Limitations on Azure

This section lists some resource limits that CML and Azure impose on workloads running in ML workspaces.

  • You have to request access from Microsoft to set up an Azure NetApp Files account. You are prompted to do this when you first try to set the account up, and it may take some time for Microsoft to grant access.
  • There is no ability to grant or revoke remote access (via Kubeconfig) to specific users. Users with the MLAdmin role in the environment can download a Kubeconfig file. The Kubeconfig file will continue to allow access even if the MLAdmin role is later revoked.

  • Azure Kubernetes Service (AKS) does not allow the CPU worker group to scale down to 0 nodes; there will always be at least 1 worker, even on an idle workspace.

  • Scaling down CPU workers can sometimes be delayed by the scheduling of AKS services on the node in question. For more information, see AKS issue 875.

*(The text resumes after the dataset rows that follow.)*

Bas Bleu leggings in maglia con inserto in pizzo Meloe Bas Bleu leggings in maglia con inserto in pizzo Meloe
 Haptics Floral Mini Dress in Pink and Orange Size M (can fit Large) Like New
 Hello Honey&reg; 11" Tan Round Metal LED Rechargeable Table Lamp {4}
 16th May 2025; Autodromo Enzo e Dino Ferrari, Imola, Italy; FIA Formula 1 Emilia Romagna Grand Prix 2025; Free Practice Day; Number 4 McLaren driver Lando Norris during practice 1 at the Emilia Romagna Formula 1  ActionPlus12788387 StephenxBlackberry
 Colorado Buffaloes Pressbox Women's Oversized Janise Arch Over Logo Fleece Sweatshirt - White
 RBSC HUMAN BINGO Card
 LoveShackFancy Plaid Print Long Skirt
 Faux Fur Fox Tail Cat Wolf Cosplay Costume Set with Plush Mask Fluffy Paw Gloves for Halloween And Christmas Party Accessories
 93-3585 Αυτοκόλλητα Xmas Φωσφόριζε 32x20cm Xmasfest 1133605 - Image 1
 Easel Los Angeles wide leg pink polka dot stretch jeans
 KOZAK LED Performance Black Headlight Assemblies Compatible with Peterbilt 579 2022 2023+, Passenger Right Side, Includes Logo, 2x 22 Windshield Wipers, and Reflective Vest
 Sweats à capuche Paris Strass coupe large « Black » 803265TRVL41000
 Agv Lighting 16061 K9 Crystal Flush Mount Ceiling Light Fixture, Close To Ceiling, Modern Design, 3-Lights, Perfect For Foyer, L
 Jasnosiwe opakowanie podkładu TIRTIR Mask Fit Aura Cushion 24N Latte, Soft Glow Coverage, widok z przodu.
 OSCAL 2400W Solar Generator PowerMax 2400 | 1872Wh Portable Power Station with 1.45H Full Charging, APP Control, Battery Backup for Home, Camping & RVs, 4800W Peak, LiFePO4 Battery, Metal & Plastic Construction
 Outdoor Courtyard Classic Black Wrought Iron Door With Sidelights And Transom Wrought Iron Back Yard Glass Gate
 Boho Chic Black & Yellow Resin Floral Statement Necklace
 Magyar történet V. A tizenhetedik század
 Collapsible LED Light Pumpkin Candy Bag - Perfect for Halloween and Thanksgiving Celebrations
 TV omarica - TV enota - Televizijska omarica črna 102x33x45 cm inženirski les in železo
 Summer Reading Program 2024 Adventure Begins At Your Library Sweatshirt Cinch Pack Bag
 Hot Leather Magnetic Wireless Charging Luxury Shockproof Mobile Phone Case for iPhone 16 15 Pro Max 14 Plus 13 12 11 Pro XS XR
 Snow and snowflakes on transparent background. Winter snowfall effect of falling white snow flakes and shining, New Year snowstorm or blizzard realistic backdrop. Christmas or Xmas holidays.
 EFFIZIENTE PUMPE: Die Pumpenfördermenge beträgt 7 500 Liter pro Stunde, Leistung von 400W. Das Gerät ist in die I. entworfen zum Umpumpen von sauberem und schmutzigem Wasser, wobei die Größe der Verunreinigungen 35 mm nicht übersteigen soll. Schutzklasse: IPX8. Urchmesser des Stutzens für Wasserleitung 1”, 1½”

  • Support is limited to regions that provide AKS. Also, customers should check availability of Azure NetApp Files and GPU instance types in their intended region.

  • Each ML workspace requires a separate subnet. For more information on this issue, see Use kubenet networking with your own IP address ranges in Azure Kubernetes Service (AKS).

  • Heavy AKS activity can cause default API rate limits to trigger, causing throttling and eventually failures for AKS clusters. For some examples, see AKS issue 1187 and AKS issue 1413.